Al ir penetrando las creencias egipcias en el marco de la cultura griega, a través de varios autores entre los cuales cabe destacar a Plutarco de Queronea (su tratado Sobre Isis y Osiris ejerció una gran influencia sobre los alquimistas medievales), se atribuyó a Hermes-Toth toda una literatura escrita en griego, más o menos inspirada en las enseñanzas astrológico-mágicas egipcias.

Otras enseñanzas ocultas, particularmente las referidas a las virtudes secretas de las piedras y de las plantas o las relativas a la regeneración del hombre se hallan también en este Corpus Hermeticum.

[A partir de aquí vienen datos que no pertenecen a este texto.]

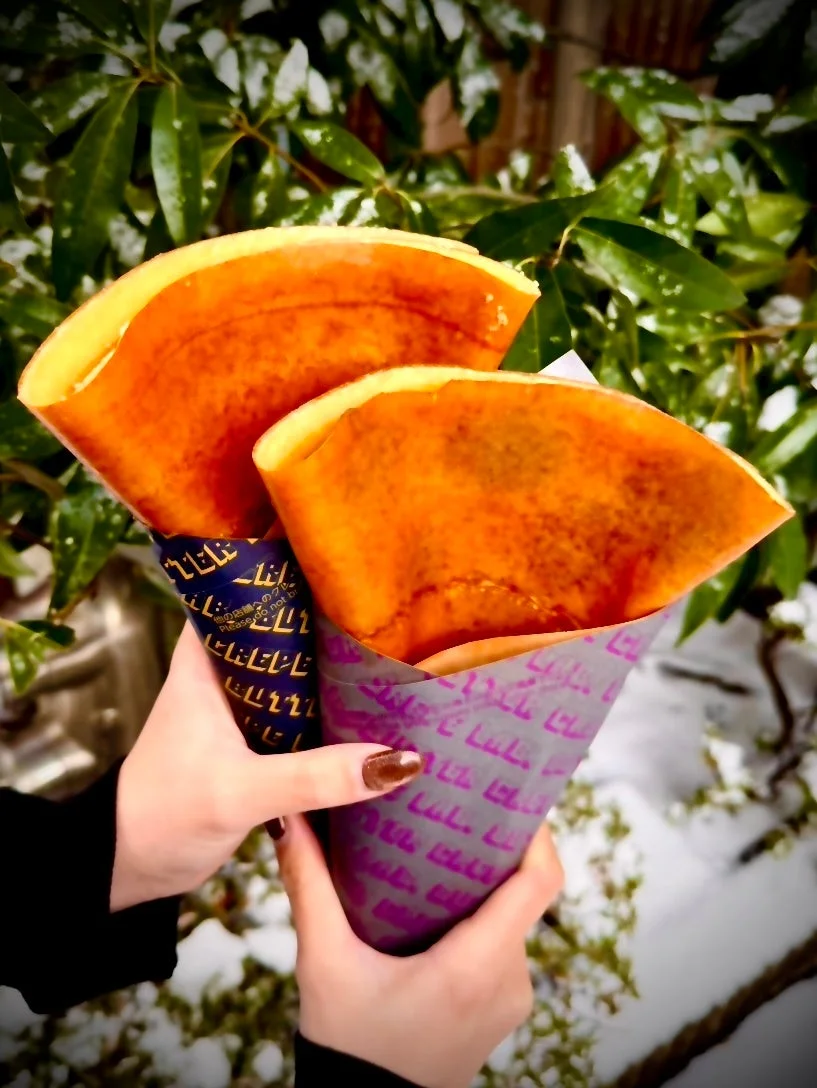 お芋のあんバタークレープ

Su difusión en la antigüedad, la Edad Media y el Renacimiento fue enorme y no dudamos en afirmar que a partir del Corpus Hermeticum y de la famosa Tabula Smaragdina o Tabla de Esmeralda, se desarrolló casi toda la simbología hermética y alquímica cuyos elementos principales nos proponemos exponer.

Algunos autores modernos[7] señalan que, al hablar de tradición hermética no se trata “sólo de las doctrinas incluidas en los textos alejandrinos del Corpus Hermeticum”. Y, ciertamente, en la formación de este simbolismo han contribuido otros elementos, en mayor o menor medida, procedentes del cristianismo, las sectas cristianas primitivas, la cábala hebraica y no pocos autores islámicos. Tendremos también, de pasada, que referimos a ellos.

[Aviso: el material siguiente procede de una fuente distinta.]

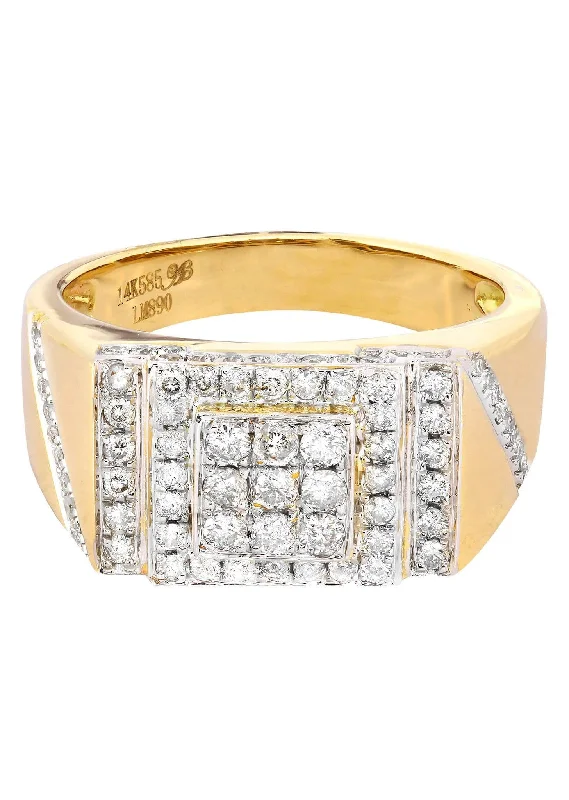 Mens Diamond Ring / Pinky Diamond Ring| 1 Carat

Resulta cuando menos curioso que toda esta literatura, sumamente extensa, acabara cristalizando en lo que se ha llamado la tradición alquímica. Esto le otorga, querámoslo o no, una importancia que, al menos para nosotros, occidentales, la hace digna de que profundicemos en ella, intentando liberarnos de los prejuicios típicos que señalamos al principio de este trabajo.

No pocos han sido, ciertamente, los historiadores que han querido ver en la Alquimia una suerte de química en estado infantil y subdesarrollado, y en su simbolismo un lenguaje críptico o secreto, reservado a Iniciados’, deliberadamente oscuro u oscurecido por temor al profano, siempre ansioso de ‘robar sus secretos’.

Los trabajos de Evola, Faivre, Tristan, Van Lennep o Jung, por citar sólo a unos pocos autores modernos y conocidos, bastarían para disipar este error o, al menos para poner un poco las cosas en su lugar, si no lo hubieran hecho ya los mismos alquimistas.

Aunque la mayor parte de ellos hayan recurrido a un lenguaje manifiestamente químico, son ellos mismos quienes nos avisan de que nunca debemos tomar sus palabras “al pie de la letra”:

“Es sabido, escribe uno de ellos, que nuestro arte es un arte cabalístico, es decir que sólo puede ser revelado oralmente y que rebosa misterios… el que trate de explicar lo que han escrito los filósofos mediante el sentido ordinario y literal de las palabras, se encontrará encerrado en los meandros de un laberinto del que nunca podrá salir”[8].

Otro excelente autor ya citado, el Cosmopolita[9] escribía que:


"Los buenos autores, al principio de sus libros, ocultan esta ciencia”.

Hay pues, debemos admitirlo, un intento deliberado de evitar que el no-iniciado, el profano, penetre en el palacio Cerrado del Rey, pero sin duda esta ocultación se debe a razones distintas de las que se le achacan. Se basa más en el respeto que en la envidia, más en el amor del símbolo, del misterio, del objeto de la búsqueda del alquimista, que en las ganas infantiles de ocultar sus hallazgos. Si los alquimistas no hubieran querido que nadie accediera a sus conocimientos no se hubieran escrito los casi cien mil libros que tratan de este Arte.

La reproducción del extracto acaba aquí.